Whereas Raisin packages questions of freedom, race, gender, and economics in the familiar architecture of an American family drama, Sign tackles more experimental concerns in form and subject matter. Hansberry surrounds Sidney, a progressive newspaperman, with a panoply of bohemians who each embodies a facet of her own identity: a gay playwright, an aspiring artist, a Black activist. Sidney prides himself on his superior comprehension, but he has to learn how to integrate his ideals with those of people who are different from him. At one point, the play dissolves into a spoken-word fever dream that Hansberry called “an absurdist orgy”: “a disintegration of reality to parallel the disintegration in Sidney’s world.”
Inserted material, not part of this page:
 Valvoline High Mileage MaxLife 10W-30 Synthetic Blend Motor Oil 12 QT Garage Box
What’s remarkable about the play, fractured though it might appear, is Hansberry’s ability to anatomize her own concerns through a cast of witty, compromised, satirized, and sympathetic characters. “Do I remain a revolutionary?” Hansberry wrote in her journal as her health was failing her. “Intellectually—without a doubt. But am I prepared to give my body to the struggle?” She once confessed a wish that she could run off to Angola and become an ambulance driver; Sidney expresses the same fantasy. He dreams of heroic action, of taking up an ancestral “sword of the Maccabees” to conquer the world’s injustices, but instead, he pops a tranquilizer; he’s more Hamlet than Hercules. By the end of the play, however, he declares his opposition to all forms of oppressive power, even as his relationships are rocked by loss and betrayal. In recommitting Sidney to the fight, Hansberry also recommitted herself.
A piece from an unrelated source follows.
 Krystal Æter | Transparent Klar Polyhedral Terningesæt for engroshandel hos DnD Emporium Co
Hansberry’s greatest conversion attempt came through a dialogue beyond the theater, at the Manhattan apartment of Robert Kennedy, then the attorney general, in May 1963. At Kennedy’s invitation, Hansberry’s friend James Baldwin had convened a group of artists and civil-rights leaders to discuss the federal government’s responsibility to check police violence against protesters on the streets of Birmingham, Alabama. When Kennedy turned away from Jerome Smith, a Freedom Rider, to hobnob with Harry Belafonte and others, Hansberry took him to task. “Mr. Attorney General,” she said, perched on an ottoman. “The only man you should be listening to is that man over there. That is the voice of 22 million people.” As Baldwin recollected, she demanded a commitment from Kennedy to protect Black students entering white schools. “I am very worried,” she concluded, “about the state of the civilization which produced that photograph of the white cop standing on that Negro woman’s neck in Birmingham.” Kennedy was incensed at what he perceived as an emotional attack on the administration. But the next month, President John F. Kennedy ordered the National Guard to escort Black students in Alabama and announced that he was sending the first civil-rights act to Congress.

Hansberry’s heirs are legion. August Wilson said he couldn’t have written without her. Nina Simone credited Hansberry with radicalizing her music (“It was always Marx, Lenin and revolution—real girls’ talk,” Simone recalled of their friendship). Amiri Baraka, though he initially dismissed Raisin as too conservative, later heralded it as truly revolutionary. Dominique Morisseau and Lynn Nottage, two Tony-nominated Black playwrights from the previous Broadway season, both cite Hansberry as an inspiration. Nottage helped organize the Lorraine Hansberry Initiative, which offers a scholarship for the living expenses of female and nonbinary playwrights of color attending graduate school. The initiative also commissioned a sculpture of Hansberry by Alison Saar that’s traveling around the country this year. A figure of the writer is surrounded by five chairs, each representing a facet of Hansberry’s life, on which the public can sit and reflect: an office chair for her journalism, a stool for her lesbian and feminist activism, a modernist chair for her playwriting, a Brentwood chair for her childhood home. The final chair is the ottoman from the attorney general’s apartment.